A Ray of Hope for Bernie Madoff's Victims

Updated
Bernie Madoff committed massive fraud against his investors
Bernie Madoff committed massive fraud against his investors

I checked Facebook to see whether U.S. District Court Judge Victor Marrero was listed. He probably isn't allowed to participate in social networking sites. Too bad. I wanted to be his friend.

On Aug. 18, 2010, Judge Marrero issued an extraordinary decision in Anwar v. Fairfield Greenwich, Ltd., which is pending in the U.S. District Court for the Southern District of New York (09 Civ 0118).

Obscene Fees for Little Work

The underlying lawsuit is a class action brought by hapless investors who lost their shirts investing in funds operated by Fairfield Greenwich Group. Fairfield was the most notorious of the "feeder funds" that took money from investors and turned it over to Bernie Madoff for "investment management." We all know what happened to those funds.

Fairfield invested "billions" with Madoff. It was paid handsomely for basically endorsing investors' checks to him. It received about $547 million in "performance fees" and $200 million as a "management fee" between 2002 and 2008. This was the holy grail of the securities biz: Obscene fees for little work.

Confronted with this epic fraud, Fairfield and others who "fed" their clients' assets to Madoff had two choices. The principled choice would be to admit their mistake, make their clients whole, and seek recovery from anyone they could prove misled them. The other would be to lawyer up, claim to be a victim themselves, and engage in a scorched-earth defense intended to defeat the claims of its defrauded clients. Guess which one they chose?

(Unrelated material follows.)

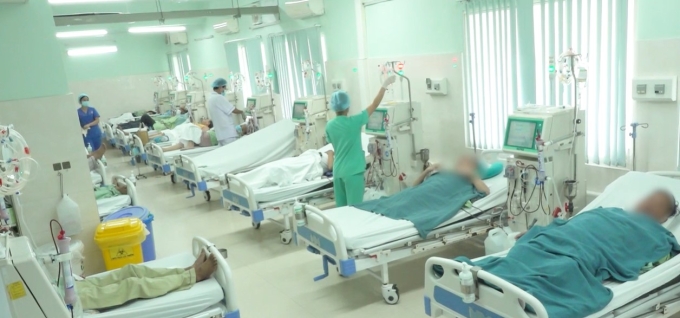 Bệnh nhân chạy thận nhân tạo tại Bệnh viện Nguyễn Tri Phương, TP HCM. Ảnh: Thận khỏe – Đời vui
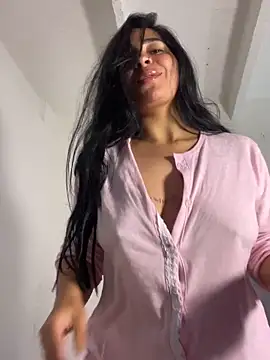 Meganmilk1 live sex cam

They drew the wrong judge.

A Litany of Red Flags

Plaintiffs alleged that a litany of red flags should have alerted Fairfield (and others) that Madoff was a fraud. These included his use of a one-person accounting firm, no independent custodian, blind acceptance of his fraudulent trade confirmations and others.

The Court summarized the allegations of the Complaint (which haven't been established) as describing Madoff as "a vampire" and "the various [Fairfield] defendants his glamoured familiars who procured the sleeping victims." I don't know who wrote that line, but I envy it.

Judge Marrero skillfully wove through a "virtual minefield of lawyerly defenses" strewn by Fairfield in an effort to get this pesky case dismissed without a trial. He refused to dismiss the vast majority of the claims against Fairfield and even left open the possibility of punitive damages, "given the magnitude of the fraud and the reckless state of mind alleged in the complaint."

We can only hope this decision encourages Fairfield and others to do the right thing and compensate their defrauded clients. That's about as likely as Judge Marrero signing up for Facebook and accepting my friendship invitation.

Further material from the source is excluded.